PROBLEM TO WORK ON — Copy every record word for word. Pictures are not part of the copy.

:: TASK DATA

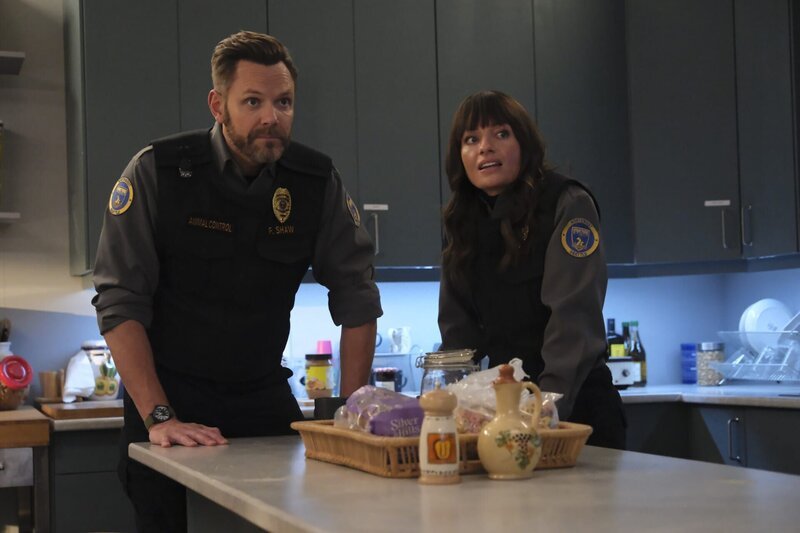 Frank Shaw (Joel McHale), Victoria Sands (Grace Palmer) – Bild: Bettina Strauss /​ FOX Entertainment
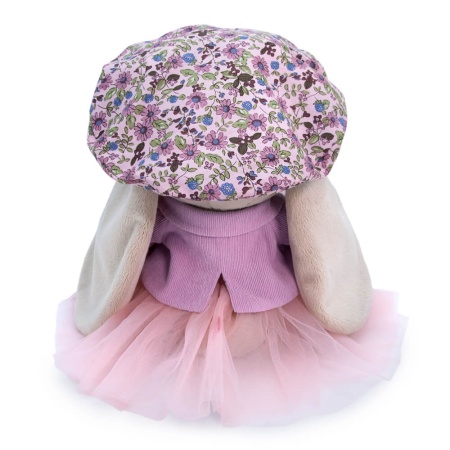 в курточке и берете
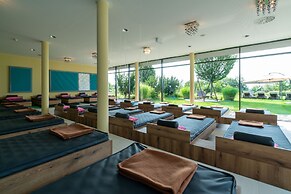 Hotel AVIVA make friends - Singles only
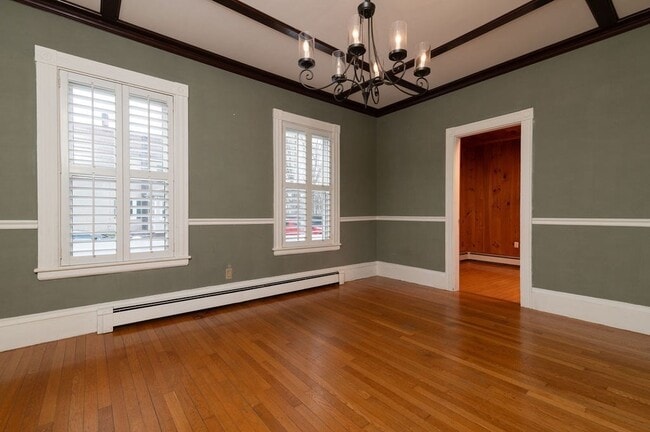 Building Photo - 44 Custer St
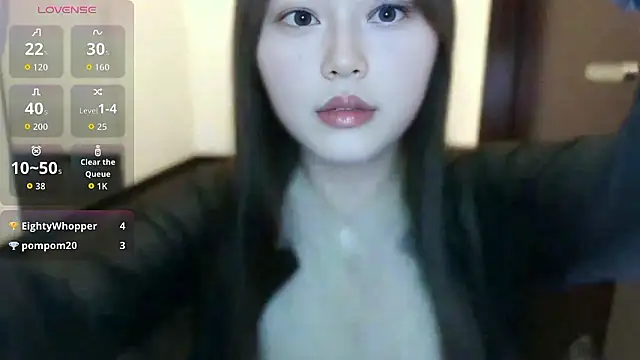 Snapshot of Yuuuunfiiii chatting on 06-04-26, 03:38 Yuuuunfiiii online show from 06-04-26, 03:38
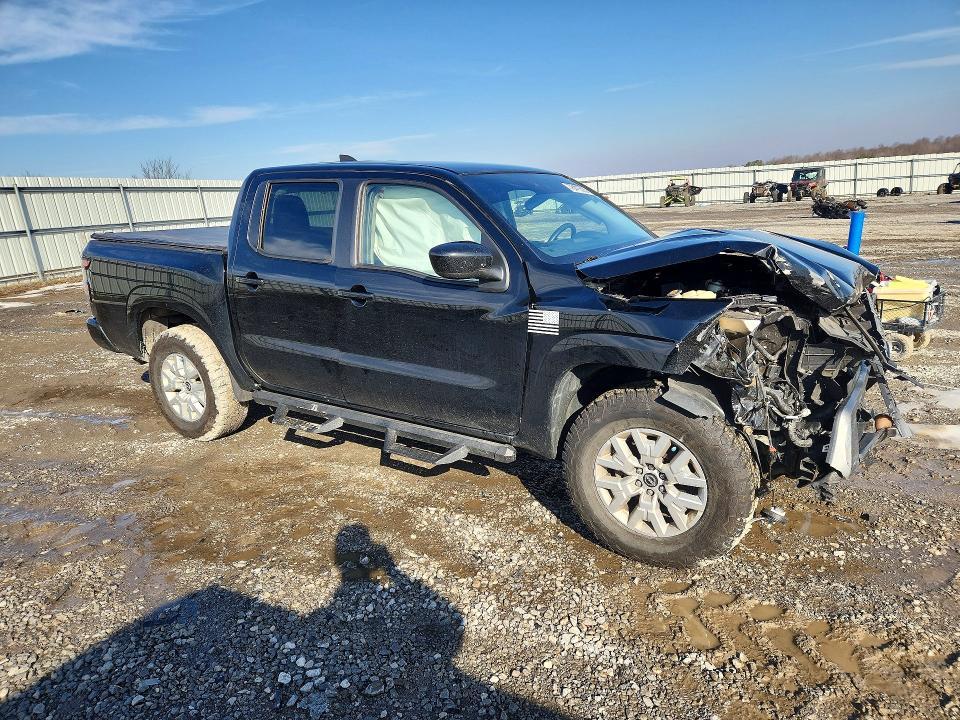 2022 Nissan Frontier s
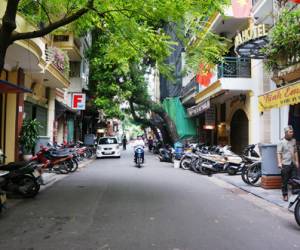 Nearly 1.3 billion VND per m2 of land in Hanoi Old Quarter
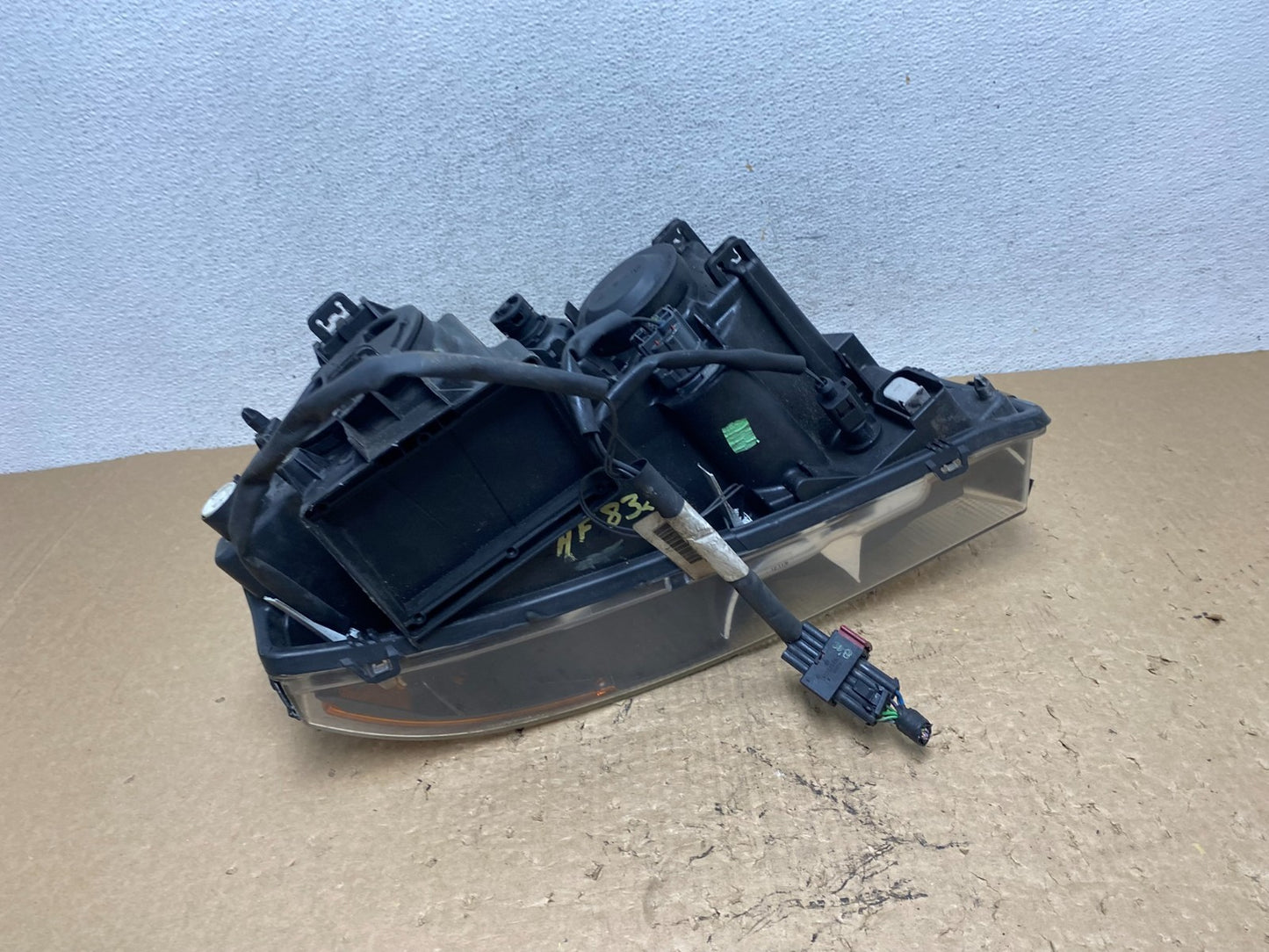 2003-2013 Volvo XC90 Left Driver LH Side Halogen Headlight AF8334 DW7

::::

PROBLEM SOLUTION —
 Frank Shaw (Joel McHale), Victoria Sands (Grace Palmer) – Bild: Bettina Strauss /​ FOX Entertainment
 в курточке и берете
 Hotel AVIVA make friends - Singles only
 Building Photo - 44 Custer St
 Snapshot of Yuuuunfiiii chatting on 06-04-26, 03:38 Yuuuunfiiii online show from 06-04-26, 03:38
 2022 Nissan Frontier s
 Nearly 1.3 billion VND per m2 of land in Hanoi Old Quarter
 2003-2013 Volvo XC90 Left Driver LH Side Halogen Headlight AF8334 DW7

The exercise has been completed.